One of the terrible ironies of all this is that the Voting Rights Act has been undermined by gerrymandering. Sure, districts are drawn to embrace majorities of Hispanic, black or other minority voters where possible. But, in the end, those minority incumbents are as unbeatable as their Anglo colleagues. The result is that the VRA has become simply an instrument to return racial minority incumbents to office as easily as white incumbents. Meanwhile, minority voters are given as poor a choice on Election Day as their white counterparts.
Some would say this is progress in the march towards racial equality and fairness: elections are equally uncompetitive and voters have equally poor choices regardless of their race, creed, gender and so forth.
But, the Voting Rights Act and elections are about the rights of voters—not the interests of elected officials. Elections should provide voters with real choices among candidates. Elections should entail meaningful campaigns and appeals to voters every year. Instead, the product of some 50+ years of redistricting, gerrymandering, litigation and Supreme Court decisions is poor turnout, meaningless Election Day choices, gerrymandered districts and essentially unbeatable incumbents.
What is most appalling and disturbing is that the process in Virginia could be improved so easily. Twenty one states use nonpartisan redistricting commissions. This removes the conflict of interest from the districting process. Doing this decreases the likelihood of going to court because neutral districting principles (maintaining equal populations, tending to minority populations, respecting municipal boundaries) take precedence.

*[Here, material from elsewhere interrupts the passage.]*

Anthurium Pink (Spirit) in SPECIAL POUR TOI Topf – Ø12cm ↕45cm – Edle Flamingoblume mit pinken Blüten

Instead, the conflicts of interest that inhere in the process render it appallingly expensive. As an example: since the legislature did a poor job drawing the congressional district lines last time around, a special master was called in at the cost of more than $80,000. You read that correctly: the taxpayers forked out $80,000 for someone to draw 11 districts—and there is no guaranty that they will pass constitutional muster.
To put this in perspective: $80,000 would hire one or two teachers for a year in most of our Commonwealth’s public school systems.
That fee does not include litigation costs, court fees, and the opportunity cost of dedicating legislators’ time to tweaking district lines that could be otherwise spent on the budget, health care, road, jobs, etc. Virginia has 40 Senate districts and 100 house districts. One can only imagine how much the taxpayers will bleed to pay consultants (instead of a commission) to draw district lines.
In defense of this system, legislators or apologists will argue that redistricting should be in the hands of elected officials because they know best what is in the interests of their constituents. But, if we end up turning the process over to private consultants and litigants, that connection is clearly broken. Virginia’s redistricting history over the past several decades indicates that this connection is seldom preserved.
So, redistricting serves the interests of incumbents, political consultants and litigants—all at the fiscal and democratic expense of the voters whose interests the process should be serving. It’s time to join the other 21 states that use redistricting commissions. End the gerrymandering of Virginia voters.